So about writing an entry a day, everyday until my birthday... I guess I lied :/
Really, I just didn't have anything to talk about.
That, and I wanted to finish my Woody Allens first so that I could have a show and tell
For those who I haven't complained to, my Woody Allens are two low reliefs made out of matteboard, cut and painted to look like Woody Allen. They're for my final project in design and they have been the bane of my existence for the past two weeks...mainly because I'm lazy. Well, I finally finished both of them tonight, and even though it's not my best work, I'm just glad to say they're done.
I'd like to introduce you all to Misters Monochromatic Allen and Complimentary Allen:
The one on the left is made with complimentary colors: Yellow and purple, red and green, orange and blue, etc
The one on the right is monochromatic, even though it doesn't look like it. The base color was what the tube of paint called "Flesh" but I think the person whose flesh it was supposed to match was George Hamilton's because it came out waaaay too orange.
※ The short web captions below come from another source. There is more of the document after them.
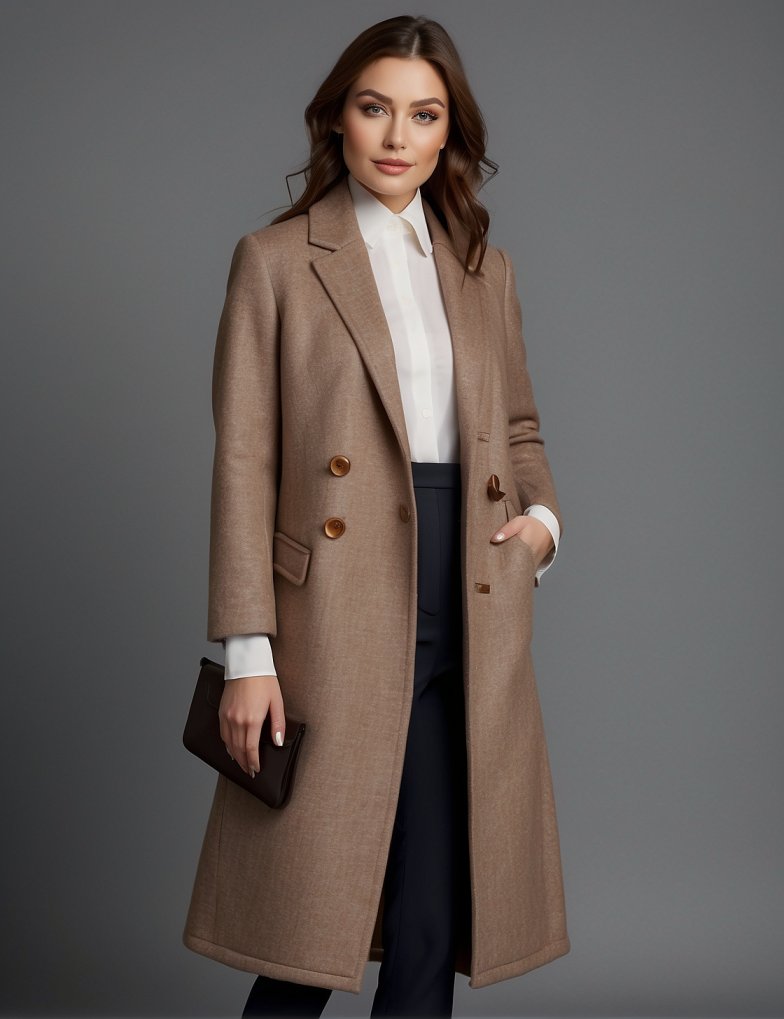 Woolen Coat Outfits for Women in Winter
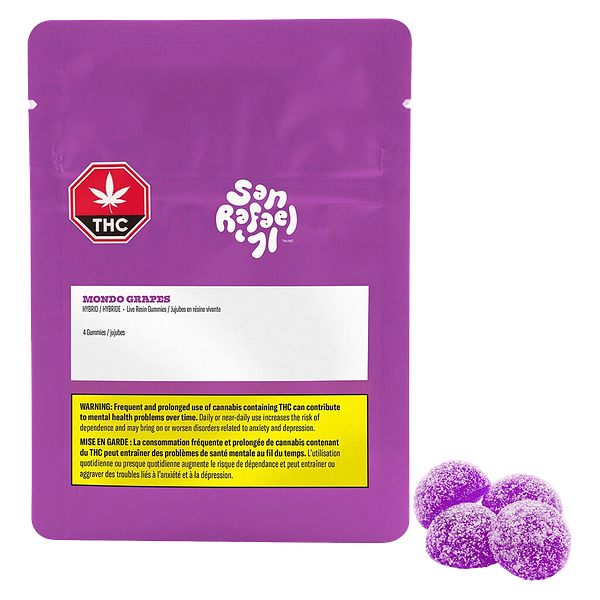 San Rafael '71 - mondo grapes live resin soft chews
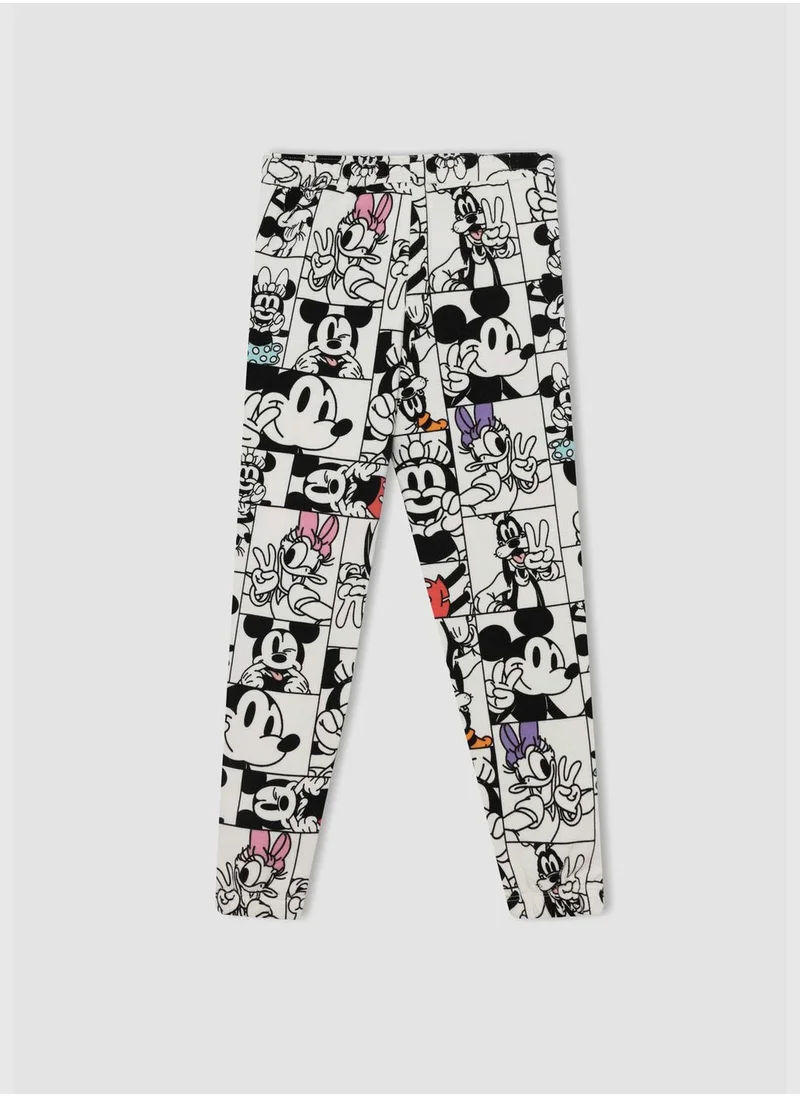 DeFacto Girl Disney Mickey Mouse Licenced Jogger Knitted Trousers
Ba doom chhh. Get it? Eh? Eh? :D
Anyway, everything else is going pretty okay. Well, kind of, not really. I still don't have a job, and I still don't really talk to anyone. And I failed that stupid art history class. Which is really embarrassing, because who fails an art history class? But the cool thing is that I get to retake it in the summer with the badass Dr. Schultz who I had last semester, and who I was pretty teacher's pet-ish with. She's so much fun, and I'm positive that I'll pass the class with at least a high B if she's my professor.
But until then, I'm stuck feeling guilty about my failed class until summer 2 rolls around.
I decided to take summer 2 instead of both summer 1 and 2 because I was supposed to be going on vacation in June. I mean, I still kind of am, but it's only for a weekend to Tucson. The original plan was that my family and my guy were going to go to Tucson to say hi to my aunt and her boyfriend and his kiddos for a few days. Then Derick and I would take off somewhere grand and exciting, and have loads of fun, and make memories and whatever. But of course, that fell though so now it's just me, my family, and some more southwestern desert :/ Don't get me wrong, I love my family and the southwestern desert, but I would've loved escaping to somewhere new with the mister.
On the bright side, I bought a new dress. It's from ModCloth which is a bit ambitious for someone who is currently unemployed, but whatever, I thought it was cute, AND I get to wear it to my friends "wedding" where the bridesmaids have to wear red. (I'm a bridesmaid.)
By the way, is it just me, or is everyone either getting engaged, married, or pregnant? Like it's crazy how many people I'm seeing who are putting up sonograms as their profile pictures. Not that it's a bad thing at all. It's just amazing to me that everyone is moving forward with their lives. And it kind of stings too, because I'm sitting here jobless and frustrated and all of these really good things are happening to everyone around me. Oh well, maybe I just have to wait for my good stuff to happen, right?
Well, I guess I'll write a bit more tomorrow :)
I mean it this time
Wish me luck on my History final and my Design critique!
And I'll wish you luck on whatever it is that you need luck for :)
P.S. Thinking about getting a job at Victoria's Secret. Thoughts?